Data Serialisation: Converting in-memory data structures into a byte sequence for transmission and storage
JSON (JavaScript Object Notation): A human-readable text format for structured data; verbose but universally supported
CBOR (Concise Binary Object Representation): A binary encoding of JSON-like data structures (RFC 7049); 3–10× more compact than JSON
Protocol Buffers (Protobuf): Google’s schema-defined binary serialisation format; very compact and fast but requires shared schema definition
MessagePack: A binary serialisation format compatible with JSON types; more compact than JSON, simpler than Protobuf
Endianness: The byte order in which multi-byte integers are stored or transmitted; big-endian is the network standard (network byte order)
Base64 Encoding: Encoding binary data as ASCII text for transport over text-only channels; adds 33% size overhead
38.1 In 60 Seconds
All digital communication reduces to bits (0s and 1s), grouped into bytes (8 bits). Network speeds are measured in bits per second (bps) while storage uses bytes – a critical distinction (1 MBps = 8 Mbps). IoT devices are severely constrained: LoRaWAN packets carry only 51-242 bytes, and microcontrollers may have just kilobytes of RAM. Understanding data sizing helps you design efficient payloads and calculate transfer times for IoT scenarios.
38.2 Learning Objectives
By the end of this section, you will be able to:
Explain Binary Representation: Explain how bits represent information using only 1s and 0s and convert binary values to decimal equivalents
Calculate Between Units: Convert between bytes, kilobytes, megabytes, gigabytes, and bits using correct multiplication factors
Differentiate Network Speeds: Distinguish between bits per second (network capacity) and bytes per second (storage throughput) and apply the 8x conversion factor
Apply to IoT Contexts: Calculate data transfer requirements, channel utilization, and battery life impact for common IoT scenarios
Compare Encoding Formats: Evaluate JSON, CBOR, Protocol Buffers, and custom binary encoding against IoT payload constraints
38.3 Prerequisites
Before diving into this chapter, you should be familiar with:
Networking Basics: Understanding fundamental networking concepts and terminology
Why Data Representation Matters for IoT
Every byte counts in IoT. Constrained devices have limited memory (often kilobytes, not megabytes), and wireless protocols like LoRaWAN support only 51-242 bytes per packet.
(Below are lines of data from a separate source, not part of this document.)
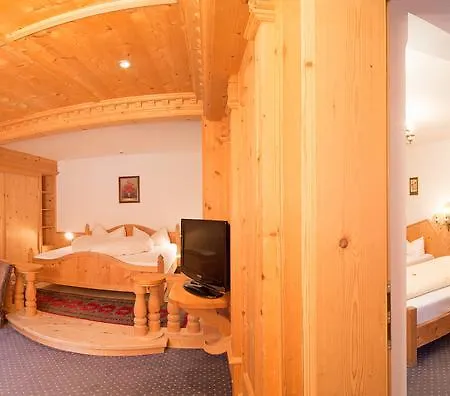 Hotel Berghof 4*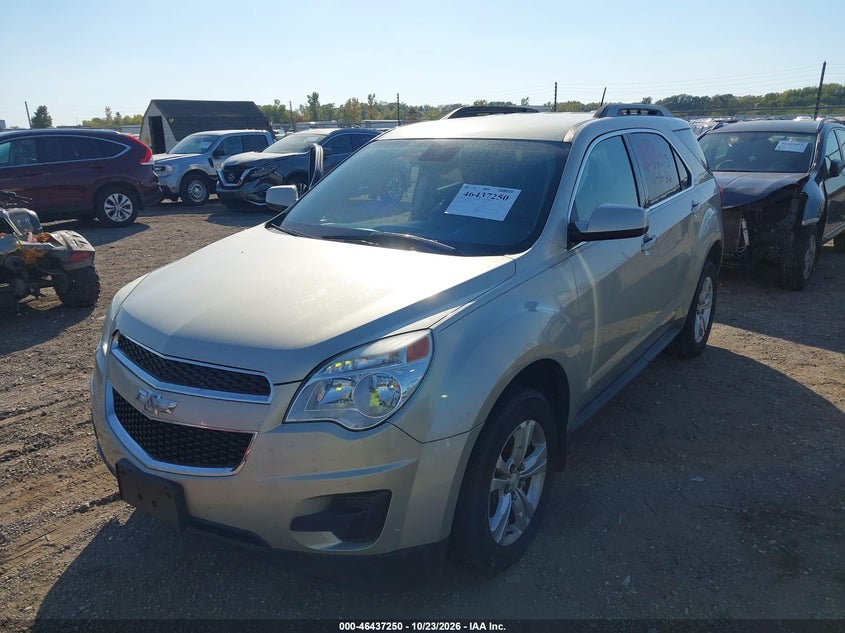 Vin: 2gnalbekxf6102611, lot: 46937616, chevrolet equinox 1lt 20152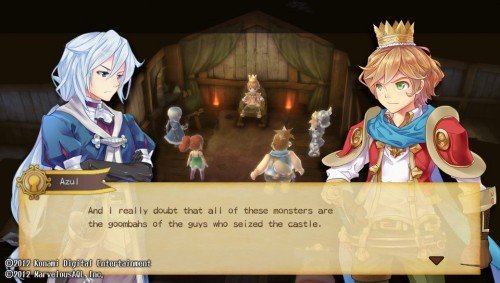 New Little King’s Story Review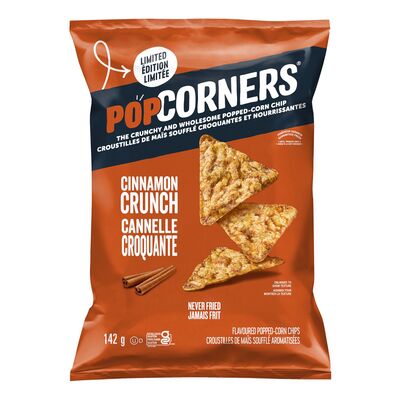 Popcorners Cinnamon 142g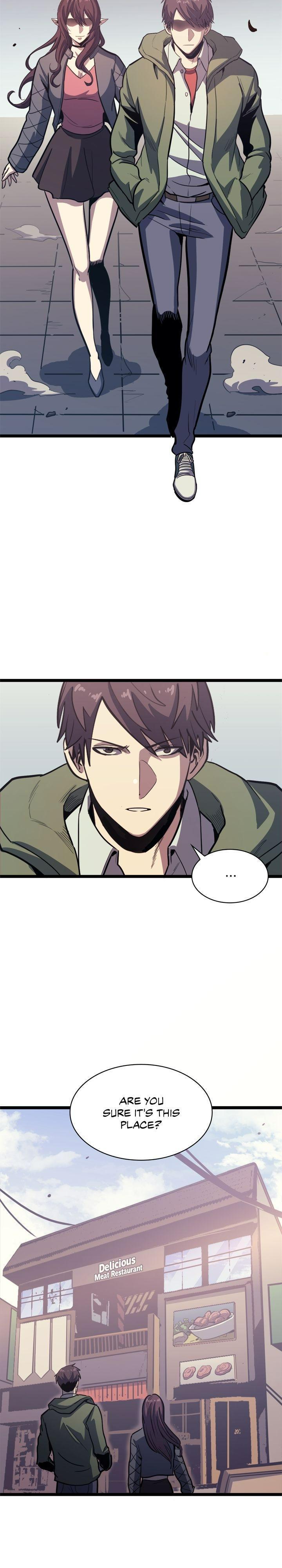Read The Max Level Returner EN Manga Online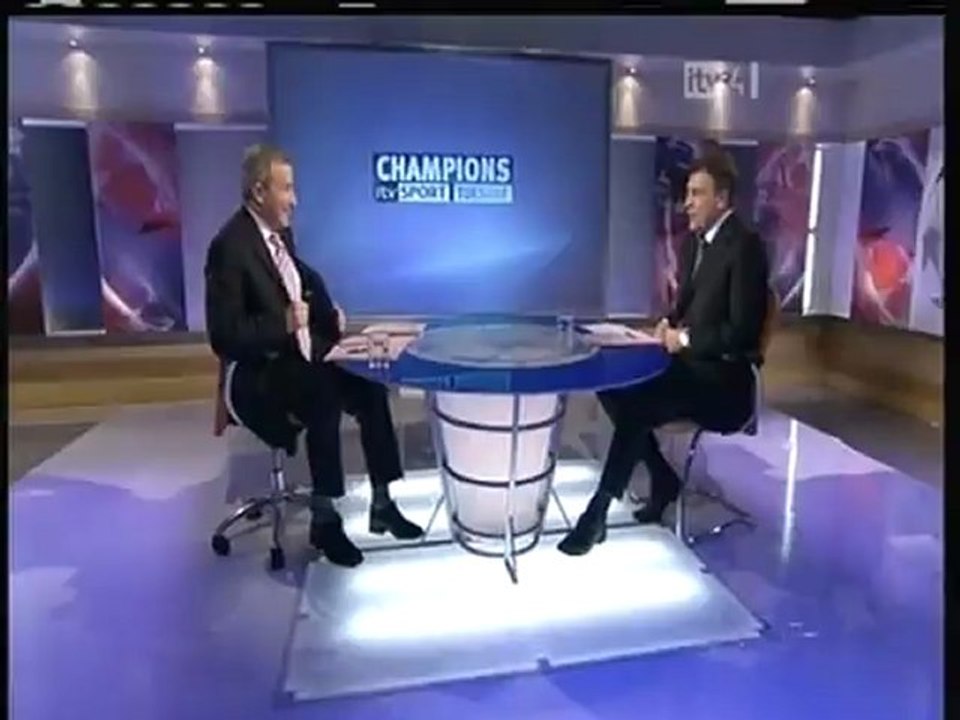 2006 (March 28) Benfica (Portugal) 0-Barcelona (Spain) 0 (Champions League)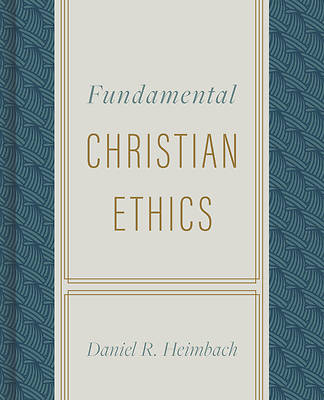 Picture of Fundamental Christian Ethics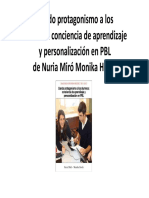 Dando protagonismo a los alumnos. Conciencia de aprendizaje y personalización en PBL (libro obligatorio-trabajo).pdf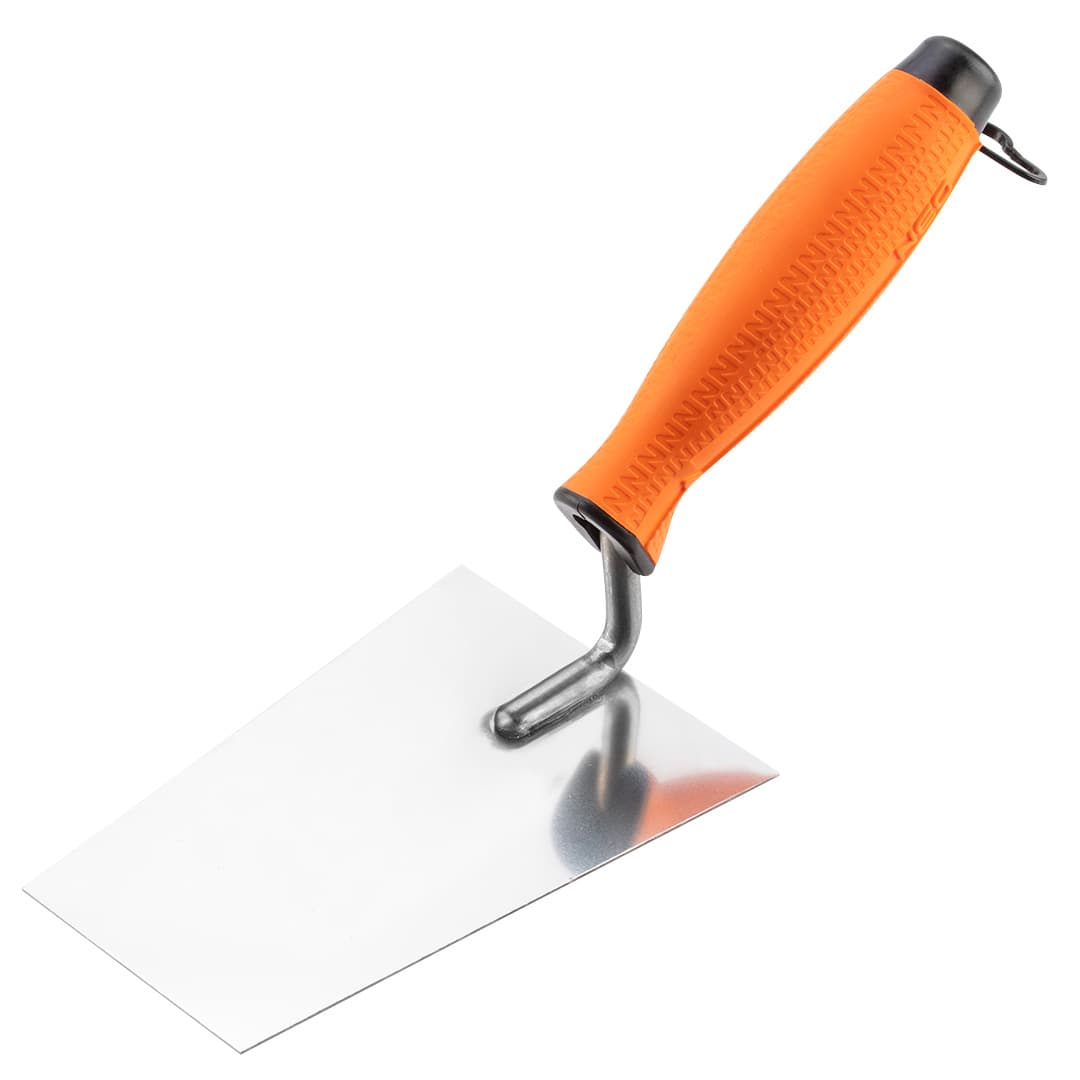 Ometna gladilka NEO TOOLS, trapezna, 140 mm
Understanding how data is represented and sized helps you design efficient IoT systems that work within these constraints.
For Beginners: Understanding Bits and Bytes
At its core, all digital communication comes down to ones and zeros. A bit is the smallest unit of data – like a light switch that is either on (1) or off (0). When we group 8 bits together, we get a byte, which is enough to represent a single letter, number, or small value.
Think of it like this:
1 bit = A single yes/no answer
1 byte (8 bits) = One character like ‘A’ or ‘7’
1 kilobyte (1,024 bytes) = A short text message
1 megabyte (1,024 KB) = A photograph
1 gigabyte (1,024 MB) = A short video
Understanding these building blocks helps you estimate how much data your IoT sensors will generate and how long it takes to transmit.
Sensor Squad: Counting in Ones and Zeros!
“Everything I communicate is made of bits – tiny ones and zeros!” said Sammy the Sensor. “My temperature reading of 23.5 degrees? It is stored as a pattern of bits in my memory. A single bit is like a light switch – on or off, 1 or 0.”
“Eight bits make a byte,” explained Max the Microcontroller. “That is enough to store one character, like the letter ‘A’ or the number 42. My microcontroller has just 256 kilobytes of RAM – that is about 262,000 bytes. Sounds like a lot, but a single photo from a security camera is several megabytes!”
“Here is a tricky distinction,” warned Lila the LED. “Network speeds use bits per second (lowercase ‘b’), but file sizes use Bytes (uppercase ‘B’). A 100 Mbps Wi-Fi connection can transfer about 12.5 MBps. Do not mix them up or your calculations will be off by 8 times!”
“For IoT, every byte matters,” added Bella the Battery. “A LoRaWAN packet can only carry 51 to 242 bytes. My sensor reading is about 10 bytes, so it fits easily. But if you try to send a photo over LoRa? Forget it – you would need hundreds of packets! Always choose your data format and protocol based on how many bytes you actually need to send.”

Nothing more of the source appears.